5.16.2013
Carvers in Mentoring Program Proud of New Blades
Students and their mentors in the Waa'gey traditional canoe carving program are giving rave reviews to a set of new tools, provided in part by the US based charity Habele.
Adzes are a traditional tool used for carving or smoothing rough-cut wood in hand woodworking. They are most often used for squaring up logs, or for hollowing out timber. Long ago islanders in the Central Pacific used shell, coral, and sometimes even stones, for the blades of their woodened handled adzes. Today metal blades are fixed to the locally cut and carved handles.
For years, Waa'gey carvers had to salvage truck springs and other low-grade scrap metal in order to shape the blades.

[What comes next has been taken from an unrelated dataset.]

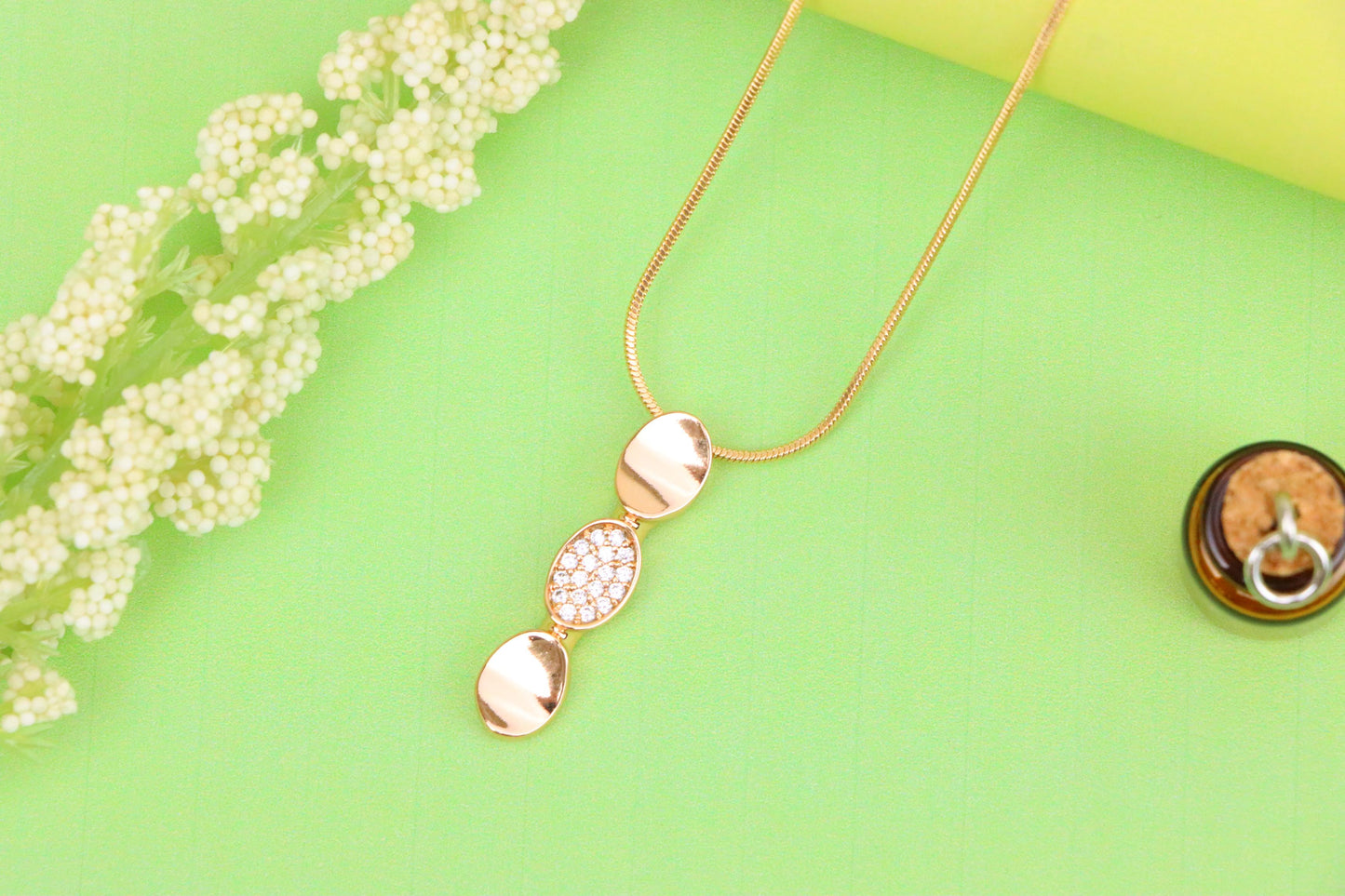 Rose Gold Pendant with Sparkling Center, Elegant Gold-Plated Design, XPPT1602 (2147-5)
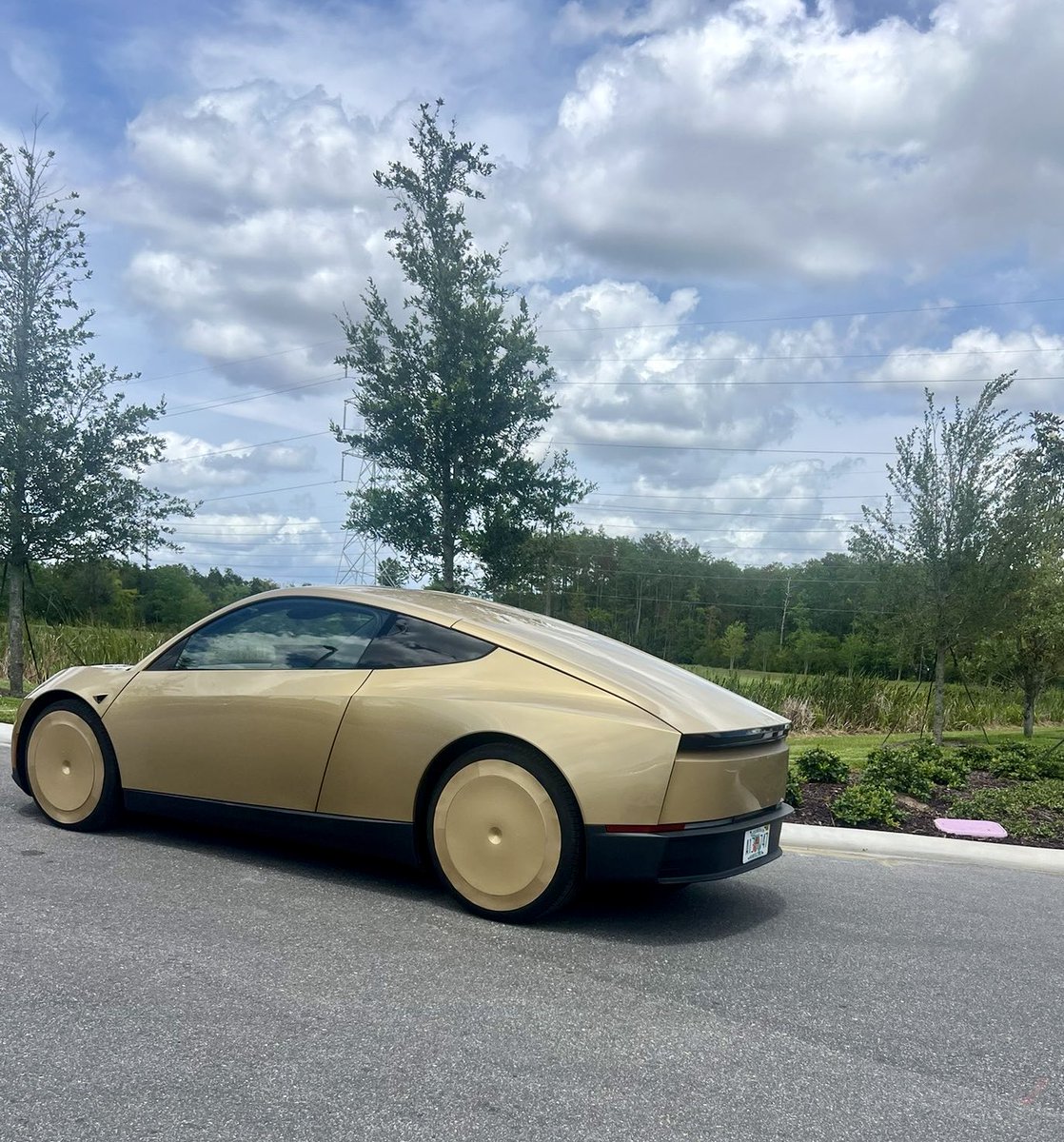 xPhoenix's tweet photo. Oh my my!! Orlando is getting an influx of Tesla Robotaxis @robotaxi - my friend captured photos of them in the wild!! https://t.co/YUtkQ6NUNn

Now, master metalsmith Jim Wester of Waldron Island, Washington is forging high-grade, specialized blades for the group. The partnership was initiated and coordinated by Habele as part of that group's mission to serve K-12 aged students across Micronesia.
"Waa'gey's model of pairing master carvers and weavers with high school aged students is great. They are doing so much to revive and preserve the cultural heritage," said Alex Sidles, a Habele Director. "The efforts also fit perfectly within Habele's mandate to promote academic excellence and access" Sidles continued. "Like the high school robotics teams, this type of extracurricular program really compliments Habele's scholarships and library donations."

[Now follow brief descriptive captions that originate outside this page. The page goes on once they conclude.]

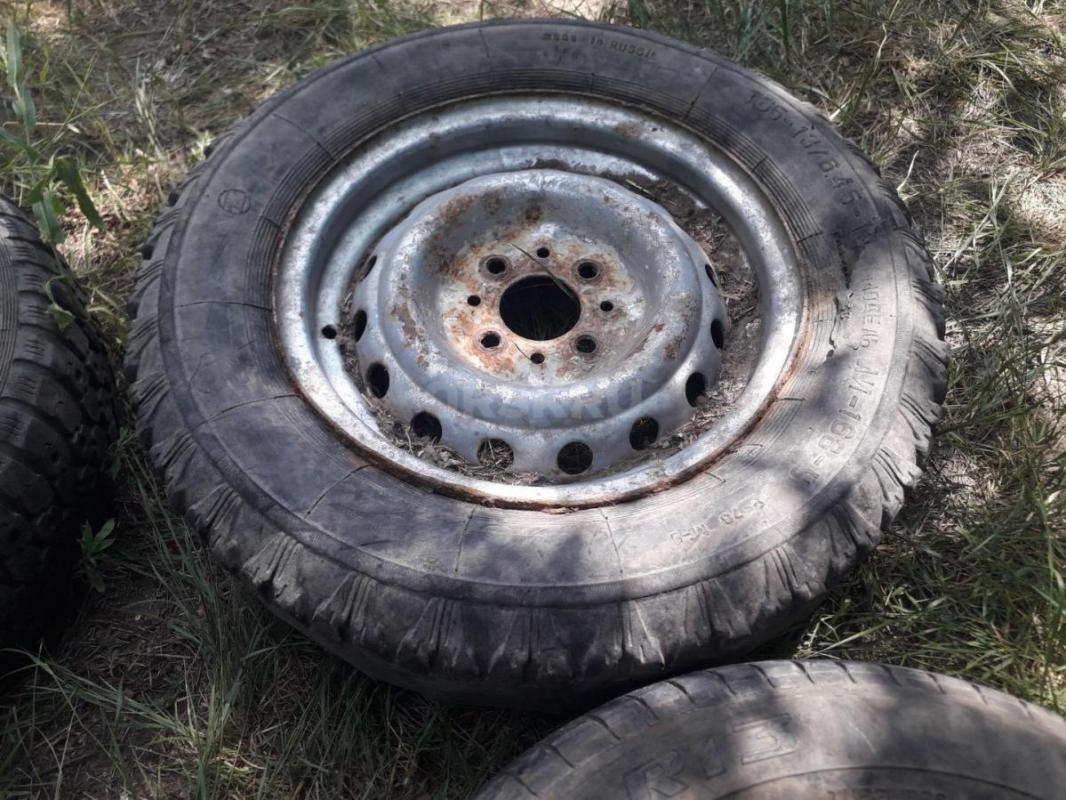 Диски диаметр примерно 32,3мм, вероятно R13 бу , стоят покрышки бу на выброс. - Орск
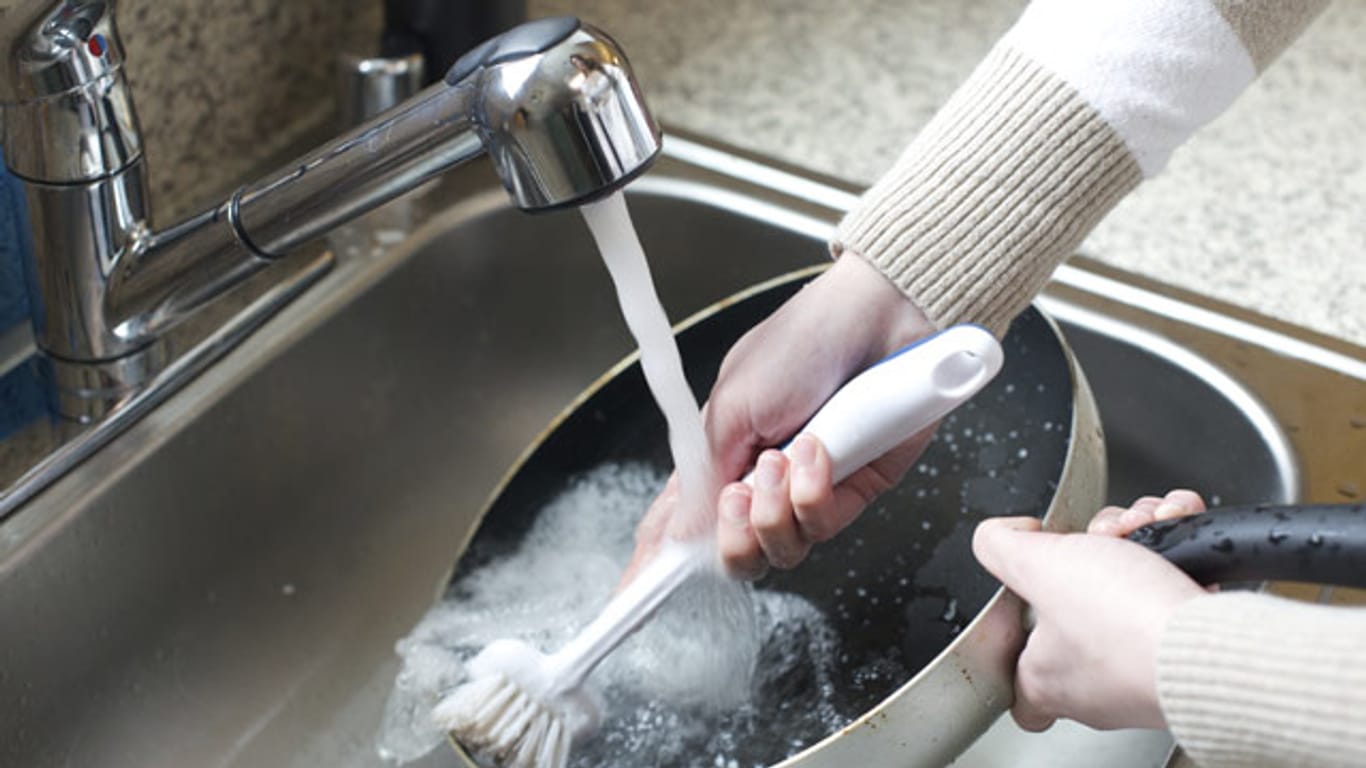 Eine gusseiserne Pfanne sollten Sie mit heißem Wasser und einem Schwamm oder einer Bürste reinigen.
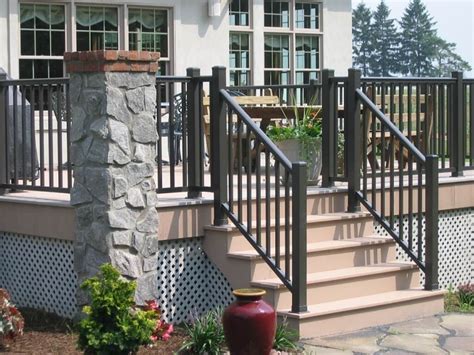 10 Unique Deck Railing Ideas and Designs for 2023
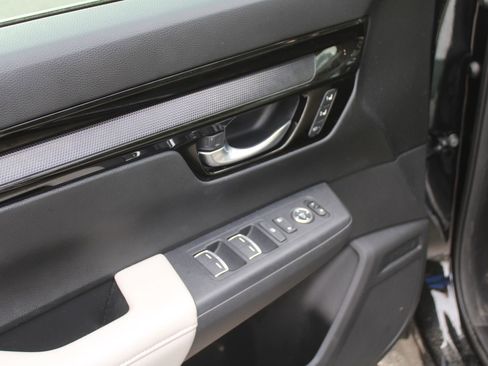 Used 2025 Honda CR-V EX-L image 19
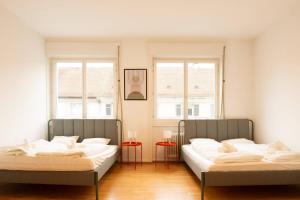 Spacious Zurich flat with game room & pool table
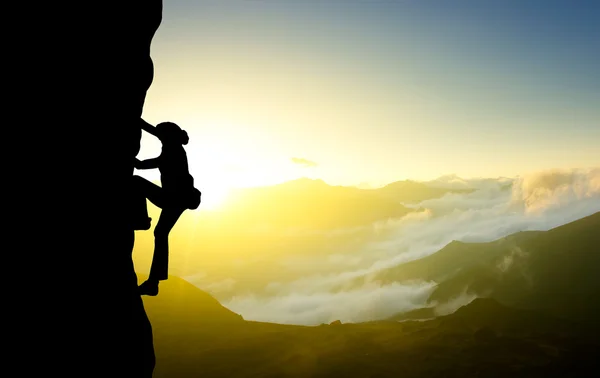 Silhouette des Bergsteigers — Stockfoto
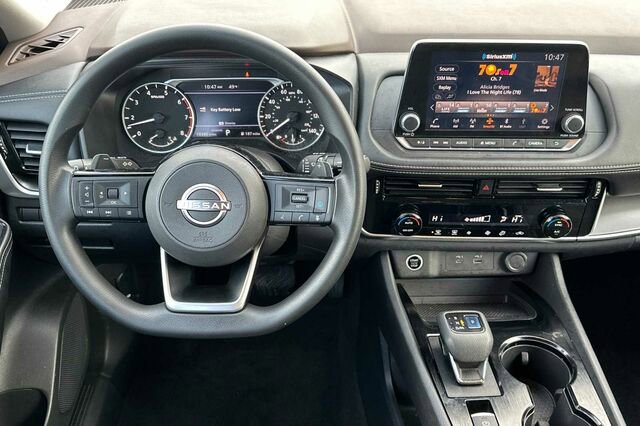 Used 2022 Nissan Rogue SV image 12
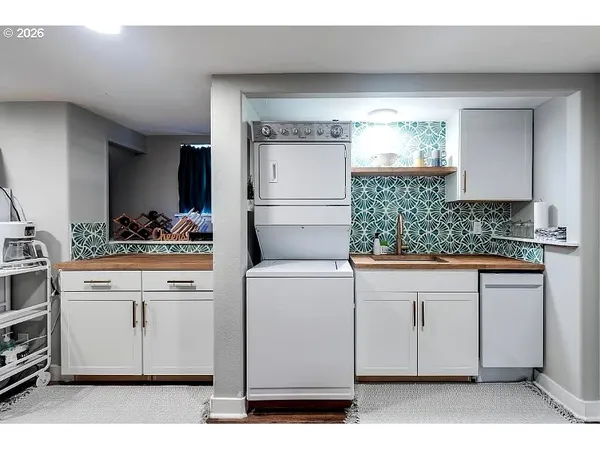 $585,000 | 8243 Northeast Hassalo Street, Portland, OR 97220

The international partnership between canoe carvers in Yap, a small charity in South Carolina and a metalsmith in Washington State has not gone unnoticed. Wester's shop is now offering similarly large and customized blades to other carvers across the world.

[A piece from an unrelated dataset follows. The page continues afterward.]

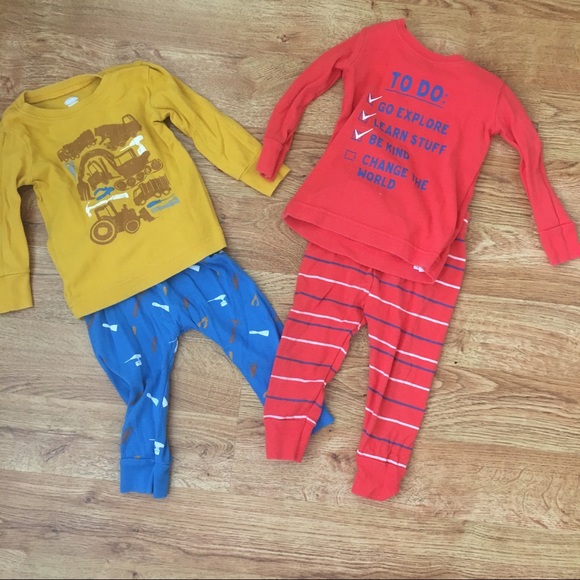 Old Navy Other - 👶🏻 Old Navy toddler boy pajamas, set of 2 👶🏻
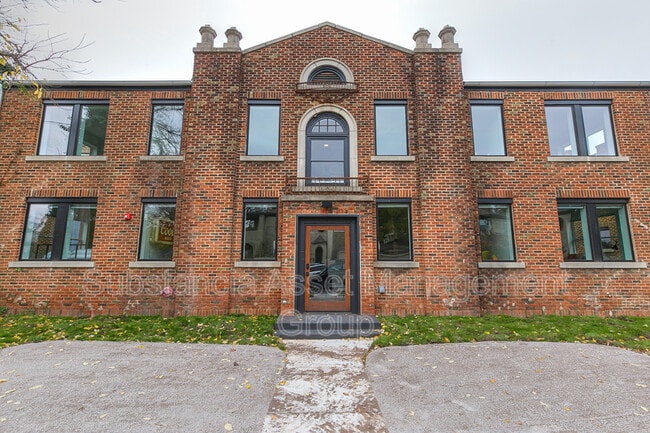 Building Photo - 1700 NW 17th St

"Last year, I sold a few gutter adze irons to some carvers in the remote outer islands of Yap, Micronesia," Jim explains. "But they are building traditional dugout canoes and really want something more aggressive, for two handed work. So they commissioned me to make larger gutter irons, about 3 1/2 inches wide and five times heavier than my normal ones. Not only are they more powerful but also less taxing on the forearm than the single handed adzes."